As Homeless Find Refuge in Forests…

In the NY Times today, “As Homeless Find Refuge in Forests, ‘Anger Is Palpable’ in Nearby Towns.” Take a look at the video linked in the article of trash left on the woods in Colorado. I’ve seen similar trash heaps around encampments on the Mt. Hood National Forest, near my home. Some locals tell me that there are trails they no longer use, because they don’t feel safe. I have some sympathy for the folks who are homeless, but this kind of thing is getting out of hand.

Note that funding is an issue: “The service is spending more and more of its budget fighting wildfires, and has pared back on filling some law enforcement posts, said Chris Boehm, the agency’s acting deputy director for law enforcement and investigations.”

4 Comments

  1. Before we increase funding for wildfire “investment”, we need a comprehensive audit to find out where all those dollars are going. Do we REALLY need more than the billions that are currently being spent? Again, why did the Forest Service spend all of its budget last year, by August when it were merely an average fire season? The fire folks will never answer that question without an audit waiting in the wings.

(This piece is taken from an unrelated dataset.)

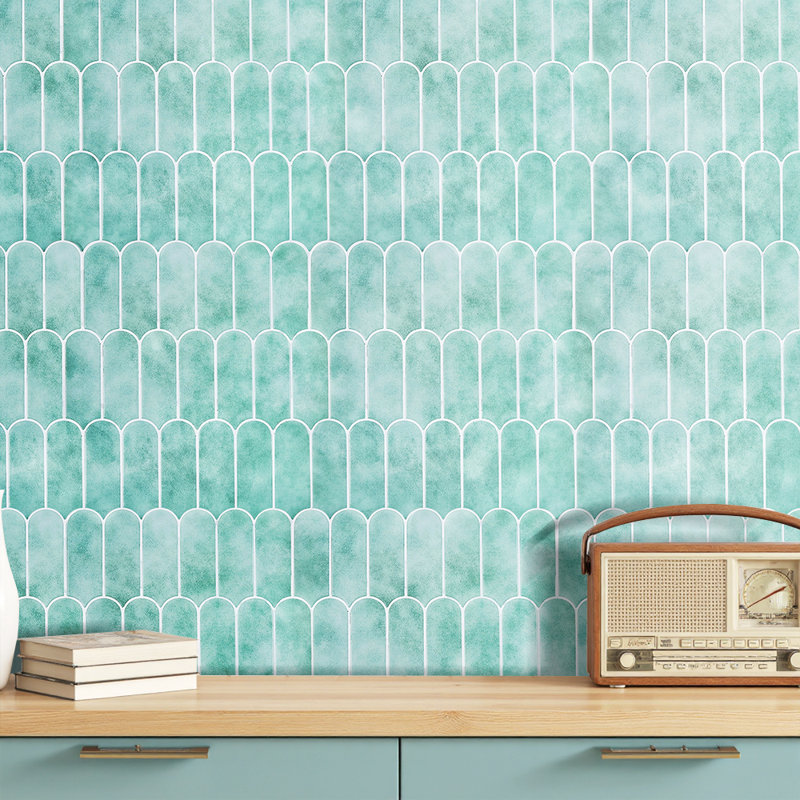 30.5 x 30.5 cm PET/PU Tile , Light Green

  2. Well, part of the reason might be that fire suppression is more costly, esp. in WUI zones. And the fires in Alaska last year may have been expensive due to the remote locations. An audit? Good idea. But more $$$ are needed for law enforcement.

    • Those Alaskan fires don’t cost nearly as much as the fires that burn down here, where the fuels are more dense and the terrain is difficult. Catching fires when they are small is the best interim solution, if money is what people want to address. Some people STILL insist that letting all wildfires burn is the ultimate solution. You see that mindset in the comments sections of most popular news websites. The “fire is natural and beneficial” meme is still wrong, in most examples today.

      I do have a homeless friend who lives in the woods. He has had multiple problems with fire in the past (that is why he is homeless!), and I worry that he will let one of his cooking fires get away, in the fuels-choked places where he stays.

  3. Fire certainly does have natural causes but let’s not forget the extensive use of fire by the American Indian as they managed the environment in which they lived. In many instances, I think human fire (both intentional and unintentional) was far more extensive than “natural” fire.